Живу я в деревне хорошохонько и тихохонько. На днях пишу к Жуковскому и посылаю ему предисловие и введение к вещице (не моей), которую он хочет перевести и издать в Германии578.
6. Лето (1856)
Да, любезный друг, круг наш уменьшается, и какой человек из него выбыл! Потеря невознаградимая, не говорю для нас, а для мысли в России. Как судьбы Божии ведут наше просвещение, не сообразишь; но не до́лжно слабеть или унывать. Смерть Киреевского была почти внезапная: с сыном обедал очень легко (у него было маленькое расстройство желудка, продолжавшееся несколько дней); после обеда лёг отдохнуть; через час вскрикнул от боли; началась холера с корчами. Доктора нескоро достали; перед ночью приобщался, а к утру кончил. При смерти были Веневитинов и Комаровский. Вот и всё.

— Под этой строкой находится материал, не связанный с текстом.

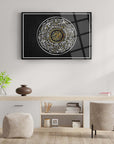 Modern İnşirah Suresi 2 Cam Tablo with intricate calligraphy on a black background, displayed in a stylish living room.
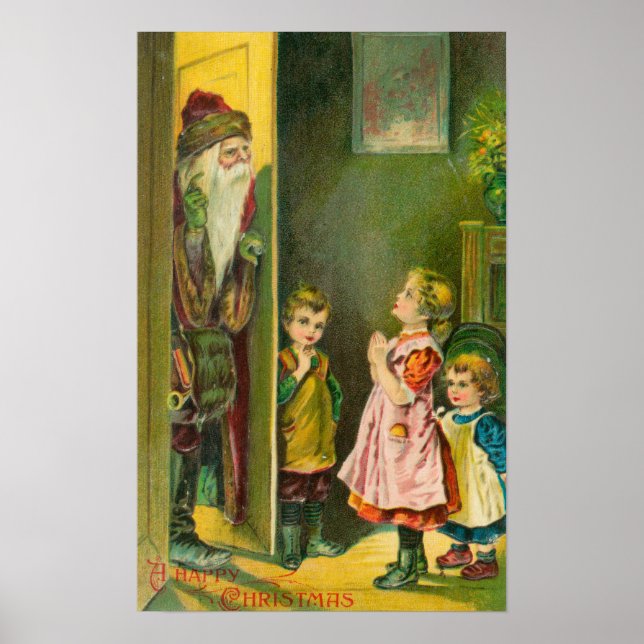 Affiche Un Joyeux Enfant De Noël Qui Lui Laisse Père Noël (Devant)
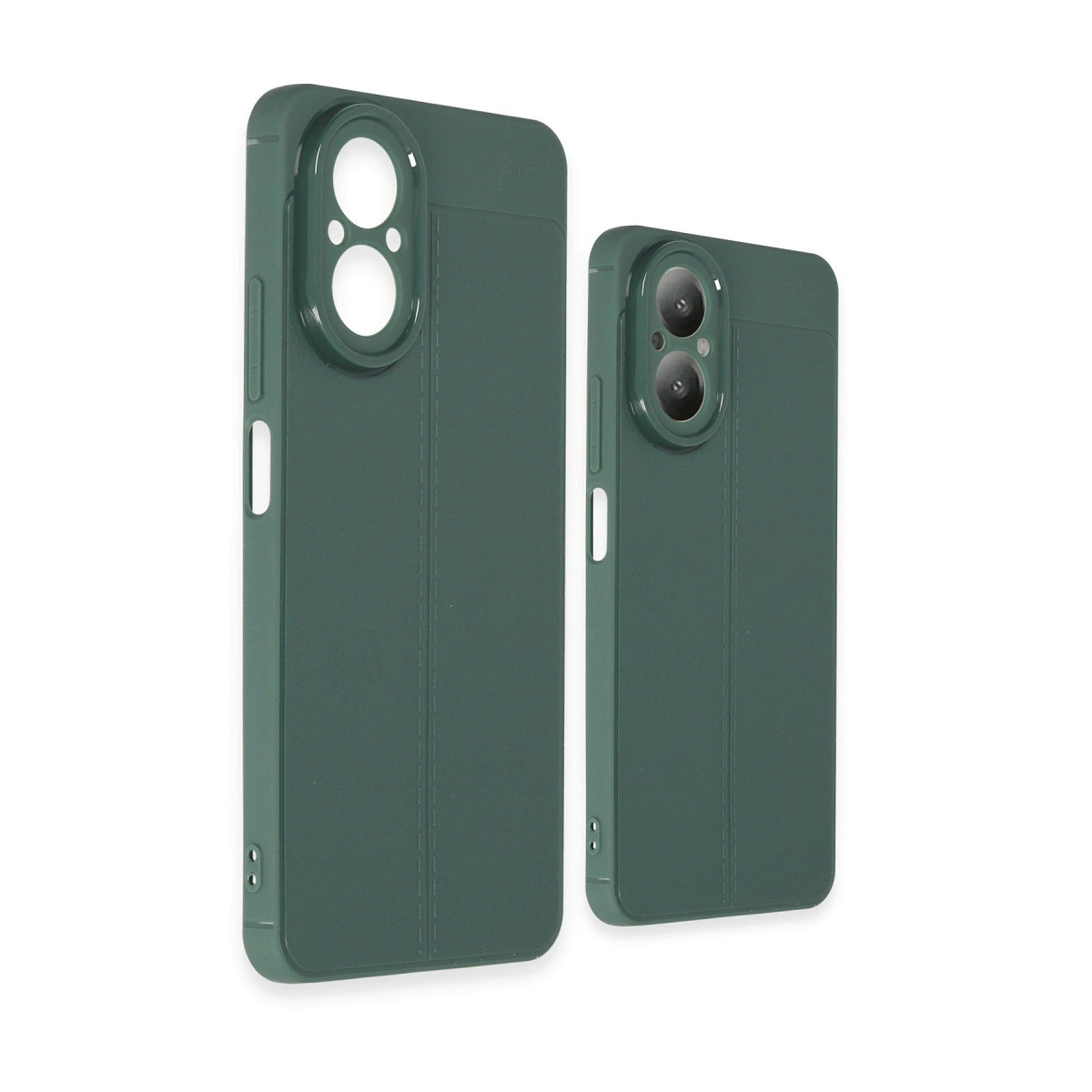 Beyaz arka plan üzerinde yan yana iki yeşil telefon kılıfı.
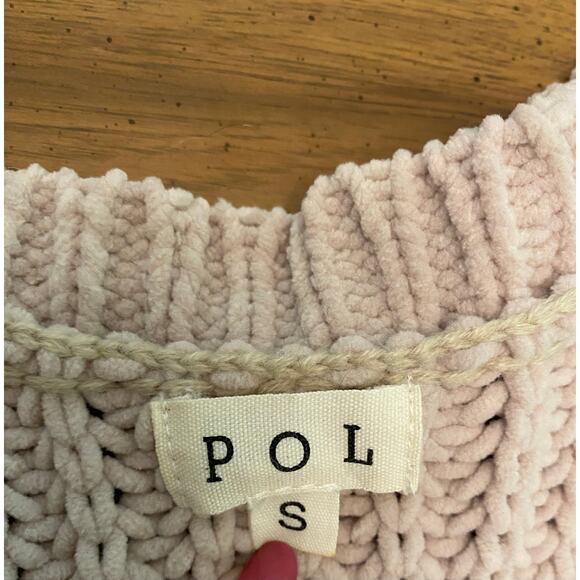 POL Short Sleeve High Low Chenille Sweater Vneck‎ Side Slits Small Lagenlook - Picture 8 of 8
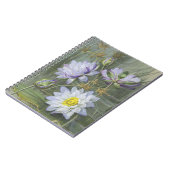Ellis Rowan Blauw Wit Water Lelie  Bloemen Notitieboek (Linkerzijde)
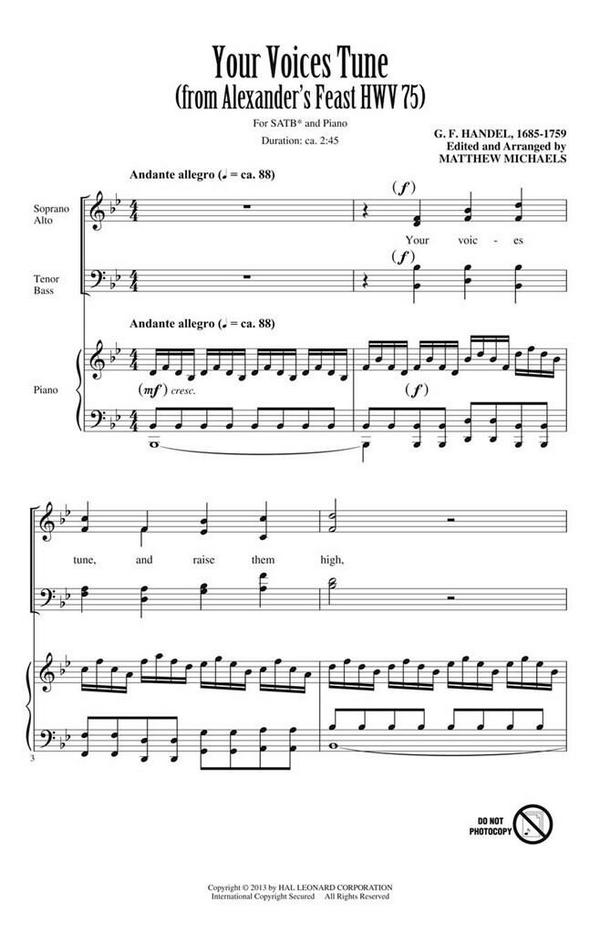 Georg Friedrich Händel, Your Voices Tune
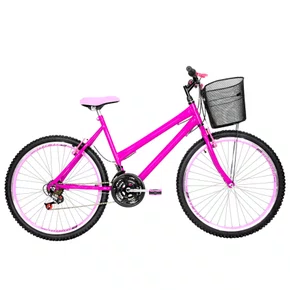 Bicicleta 26 Feminina Pink Urbana Aro Aero Rosa 18 Marchas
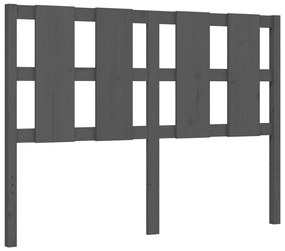Πλαίσιο Κρεβατιού με Κεφαλάρι Γκρι 140 x 190 εκ. από Μασίφ Ξύλο - Γκρι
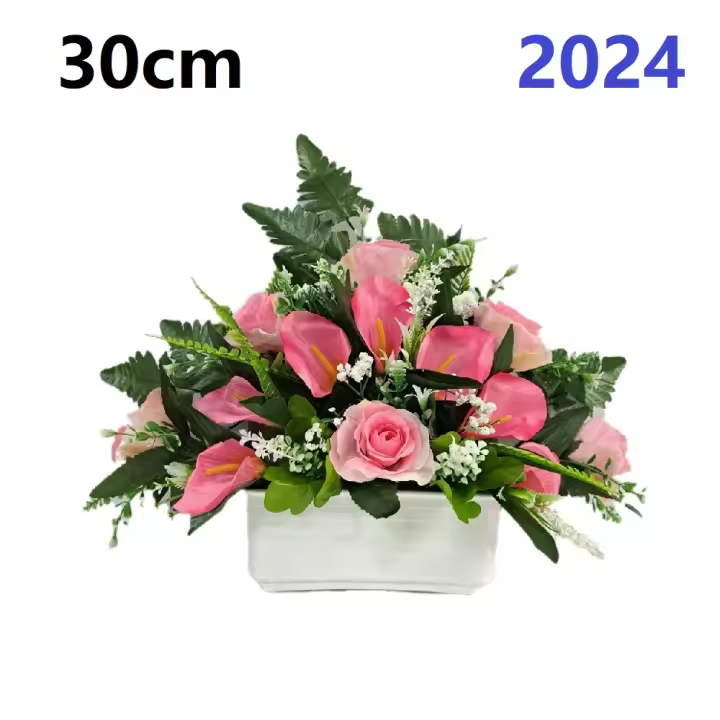 Centro de Flores para Cementerio - Ramos de Flores para Todos los Santos - Flores Artificiales de Tela - Ancho 30cm - Alto 30cm - 1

Кажется мне, об издании его сочинений и думать нельзя. Первые запрещены, последние заподозрены и почти запрещены; но собрать их надобно579. Бедная мать! Бедный Пётр Васильевич! Я больше всех боюсь за него. У него здоровье плохо, а душа нежнее женской. С Киреевским для нас всех как будто порвалась струна с каким-то особенно мягким звуком, и эта струна было в то же время мыслью. И когда же порвалась? В ту самую минуту, когда с неё снята была тяжесть, мешавшая ей звучать. Странная судьба! Ты узнал из газет, а я вот как. Я из Смоленской деревни приехал в 10 часов в Понедельник и по расчёту думал Киреевского найти в Москве; вхожу и спрашиваю: «Киреевский здесь?»
«Как же. Его вчера привезли». Я долго не мог понять. Грустно; но всё же он недаром по̀жил и в истории философии оставил глубокий след, хоть, может быть, и не доделал своего дела.
* * *
Это письмо относится к первой поездке С.П. Шевырева в Италию (до 1830 г.). Изд.
Отечественных Записок.
Т. е. критического. Изд.
Т. е. от Записок о всемирной истории. Изд.
Две книги сочинений И.В. Киреевского позднее были изданы; третья обещана в печати, но до сих пор не появилась. Изд.